Technological innovations are faster, product development cycles are shorter, and expectations for everything are higher; in short the velocity of business, driven by technological change, is increasing exponentially, according to Scott Klososky in his book The Velocity Manifesto: Harnessing Technology, Vision and Culture to Future-Proof Your Organization. Increased velocity demands leadership skills that are very different from the ones that were effective twenty years ago.
Part One of the book is about “renovating your digital plumbing”. Most business leaders recognise the importance of information technology to their success, but admit that their organisation’s IT resources are far from optimal. It is critical that you get your IT right by fixing the leaks in your digital plumbing if you are to have any chance of keeping up with the pace of change.

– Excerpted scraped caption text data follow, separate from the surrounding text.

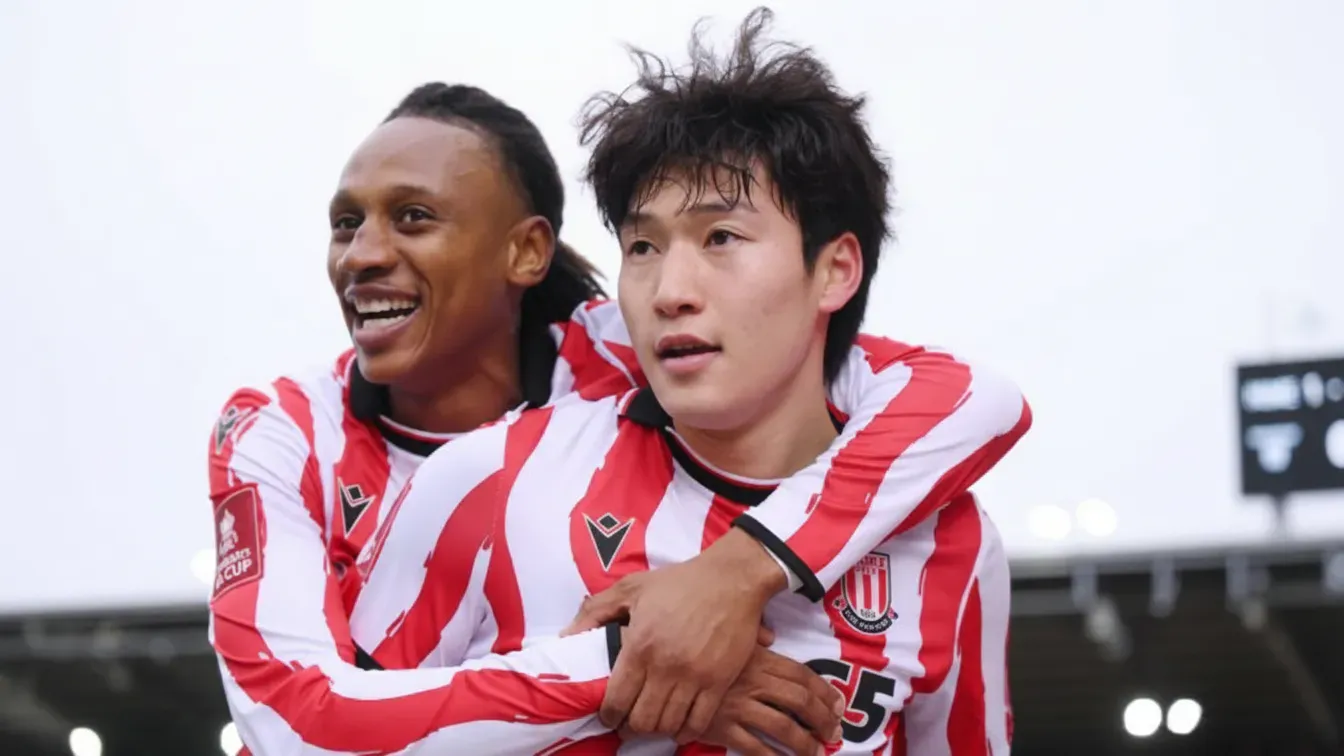 Zaskakujący ruch Lyonu. Koreański talent ze Stoke City podjął już ostateczną decyzję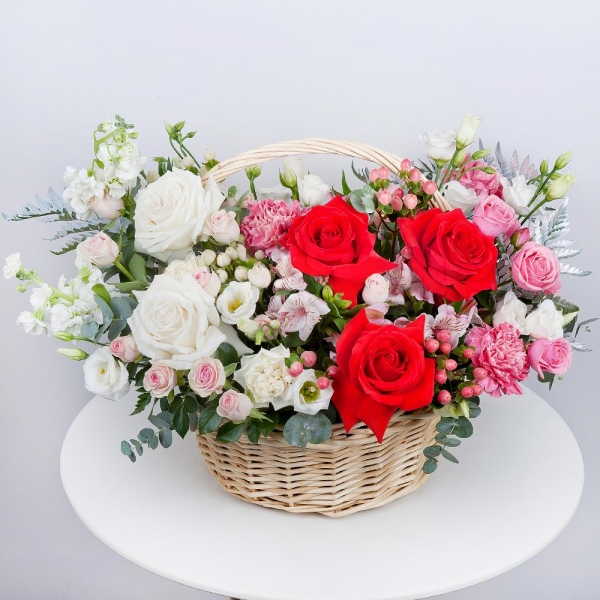 Red rose Nina 50 cm - 3, White rose 50 cm Ecuador - 4, White Matthiola - 2, Pink carnation - 3, Spray rose: white, cream, light pink 50 cm - 4, Alstromeria white, soft pink - 3, lisianthus - 4, Carnation white, cream - 3, Medium Basket, Oasis, Fern (1 pc.), Eucalyptus Cinerea, Hypericum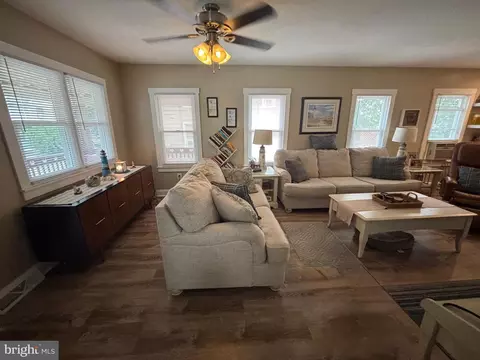 Living - 416 Wesley Ave, Pitman, NJ 08071 photo 4 of 4
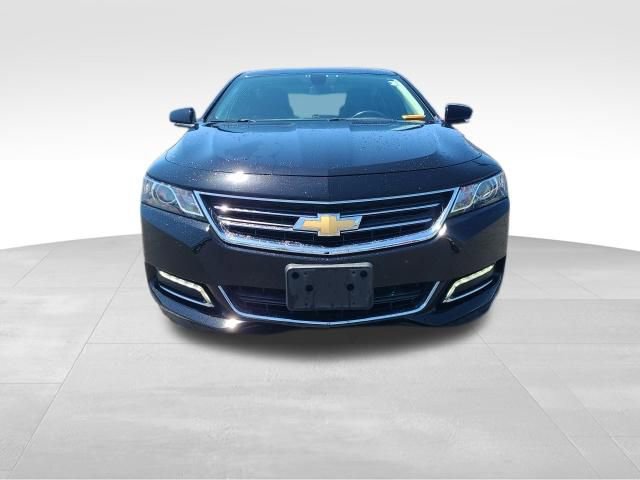 Used 2018 Chevrolet Impala LT w/ Sunroof and Spoiler Package FWD image 8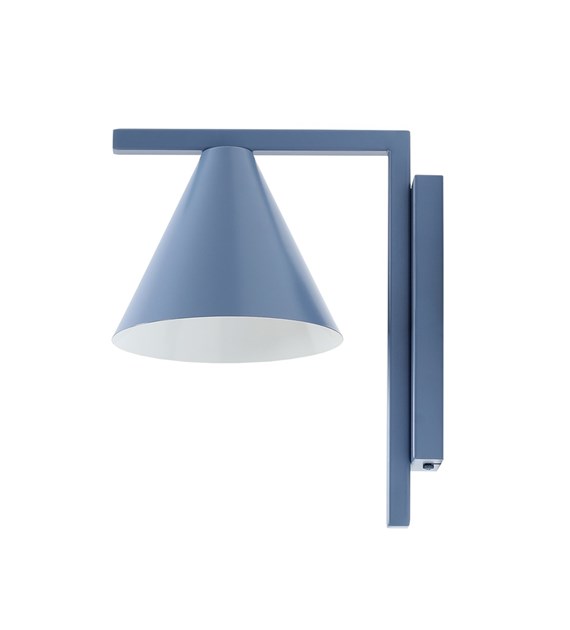 Form 23cm Blå vegglampe Fra Artera - Denne minimalistiske vegglampen med sin elegante kjegleformede skjerm i en dempet blåtone er det perfekte valget for de som ønsker et stilig og moderne uttrykk i hjemmet sitt.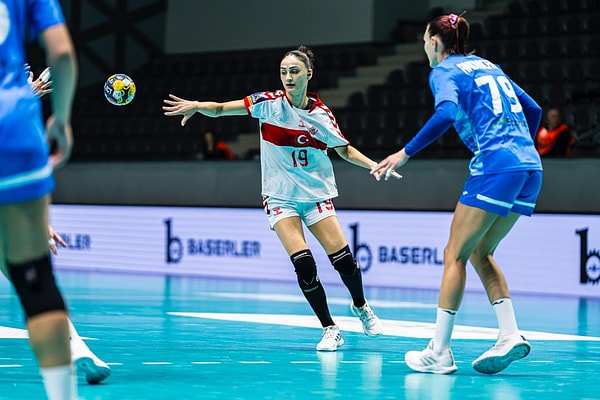 Ukrayna'yı 32-29, İran'ı 30-26 yendik!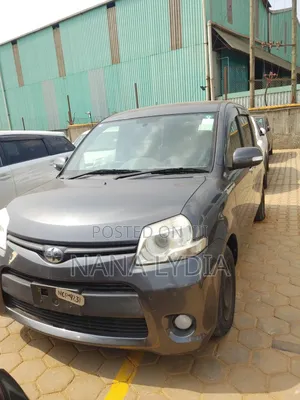 Toyota Sienta 2012 Gray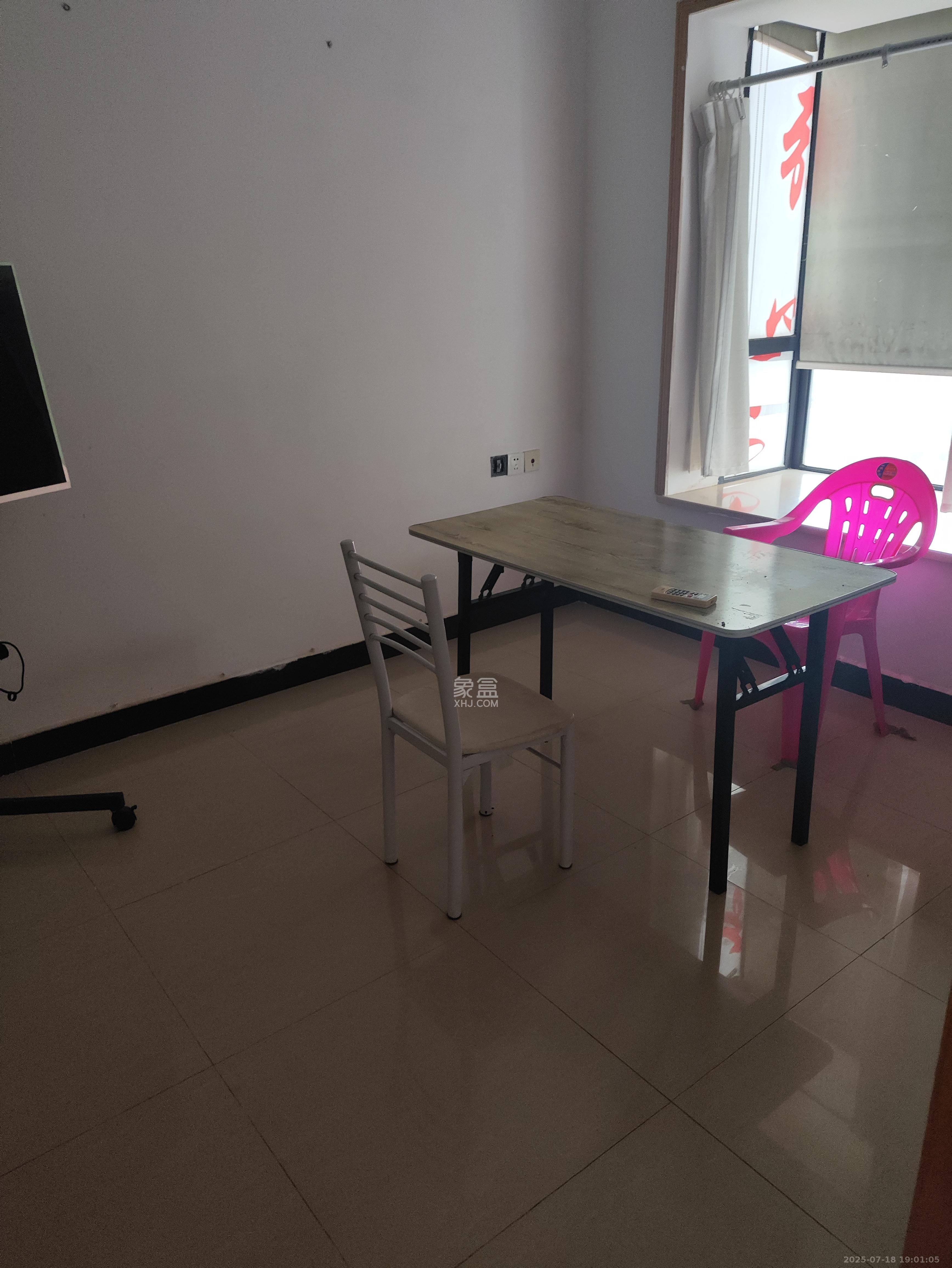 锦湘国际星城三期(锦绣苑) 1室0厅0卫 1900.0元/月 锦湘国际星城三期(锦绣苑) 1室0厅0卫 1900.0元/月室内图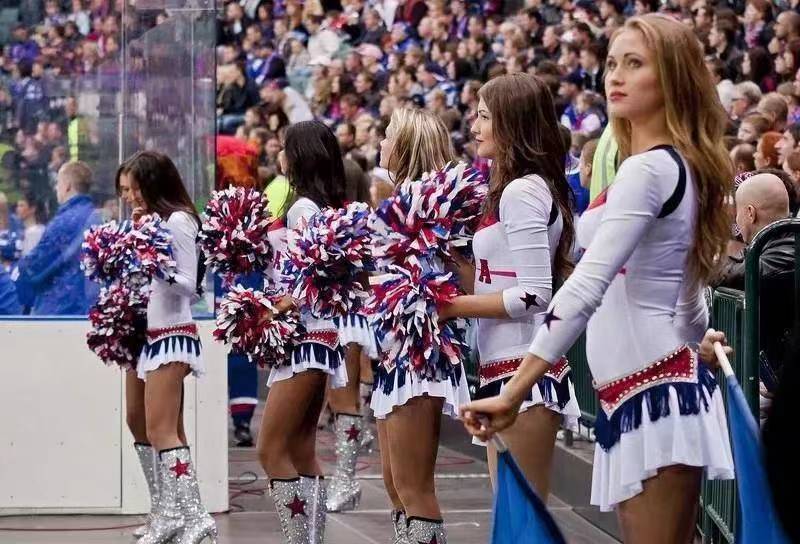 世界杯啦啦队惊艳全场,世界杯啦啦队都是用什么来助阵的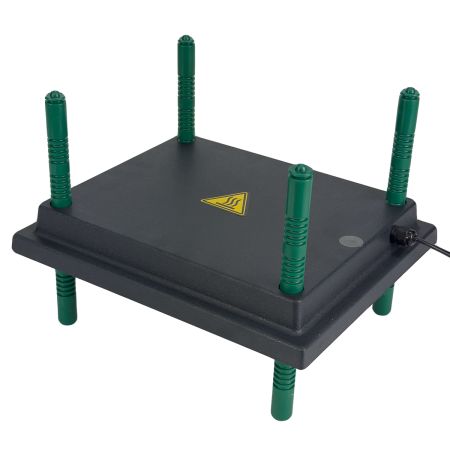 Панель обогревательная HobbyFarm 25х30 см 20 Вт для цыплят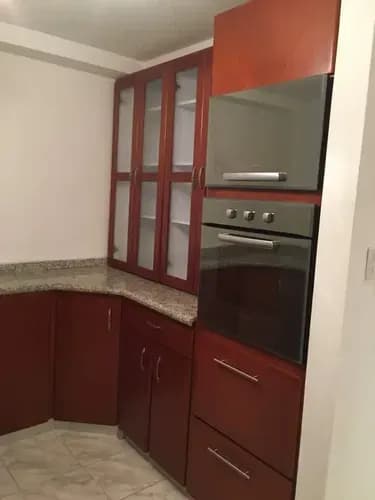 Vende Moderno Penthouse Ubicado En Ciudad Alianza Res Parque Bolívar Cuenta Con 242 Mts2 Planta Baja 2 Habitaciones Amplias Cada Una Con Closet Y Una Posee Baño. 2 Baños Con Pareduche Cocina Con
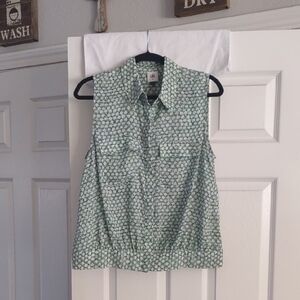 cabi #5910 Sea Glass Shimmer Top Size Med. Green White Banded Bottom EUC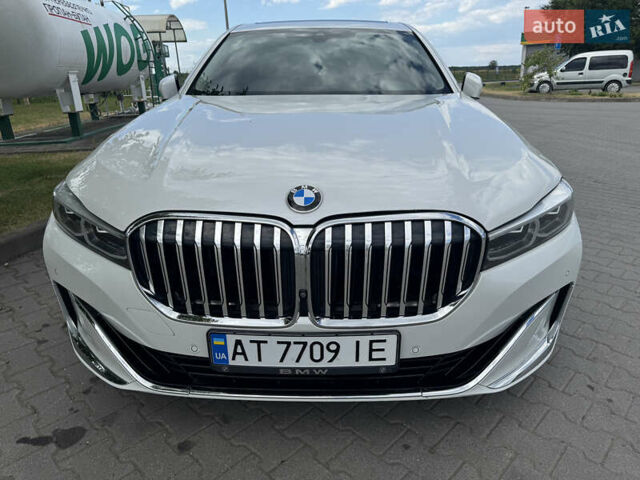 Белый БМВ 7 Серия, объемом двигателя 3 л и пробегом 68 тыс. км за 52999 $, фото 1 на Automoto.ua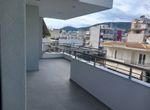 Photo 352413329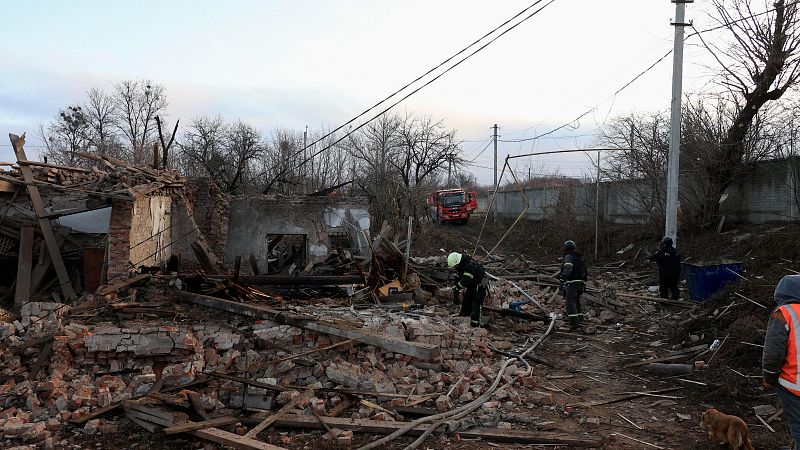 Cinco continentes - Ucrania, un duro invierno sin calefacción tras el ataque a las infraestructuras energéticas - Escuchar ahora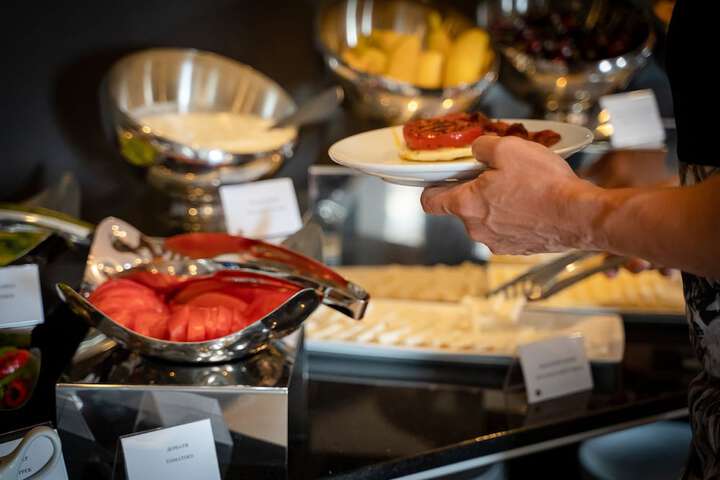 Dining 70 of 119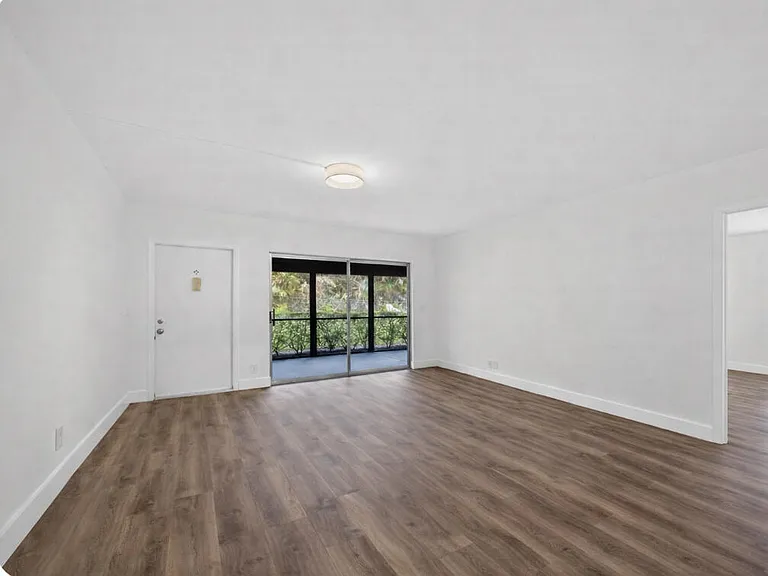 6258 Chasewood Dr #C — Photo 2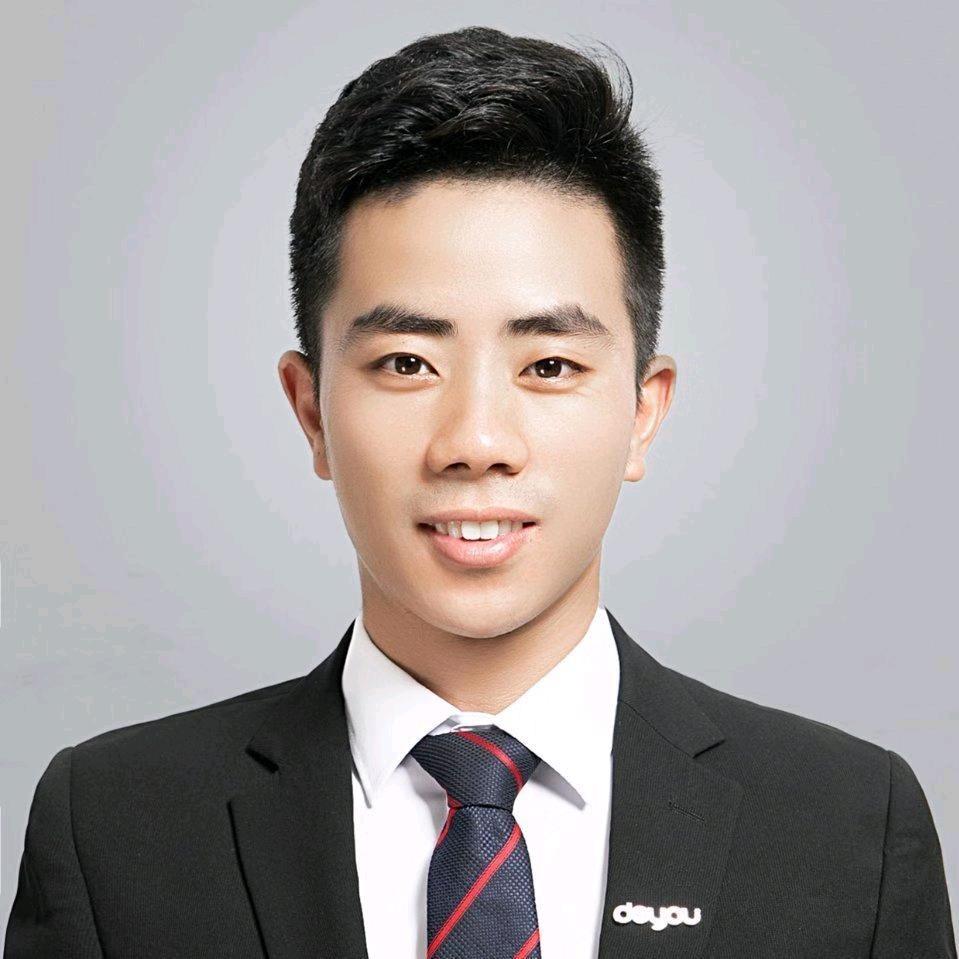 与辉探房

Part Two is about “high beam strategy”. Many businesses are driving with their headlights off – and doomed to crash – or with their headlights on low-beam, focusing only on the immediate future, so that they can only travel at low speed. Businesses which travel at high speed need to have their headlights on high beam, anticipating the trends which will happen over the next five years or more.
Part Three is about “creating a culture of velocity”. There is a big difference in productivity between a good programmer and an average programmer, and good IT people need to be treated like the creative artists that they are. IT-dependent businesses need to cultivate organisational cultures which are attractive to the millennial generation and take advantage of social technologies.
In my view this book does an excellent job of identifying the problems faced by current IT-dependent organisations and suggesting solutions. Business leaders cannot get the best results by simply leaving the IT strategy to the IT department; they have to take the time to understand the technology and work out how they can use the technology to drive better business results.
I would not have chosen the expression “digital plumbing” as a metaphor for IT infrastructure, because it suggests something that is necessary but does not make a great contribution to success. In fact, for knowledge-based organisations the IT infrastructure is often the most significant contributor to profitability. This easy-to-read book is worthy of the attention of any business leader.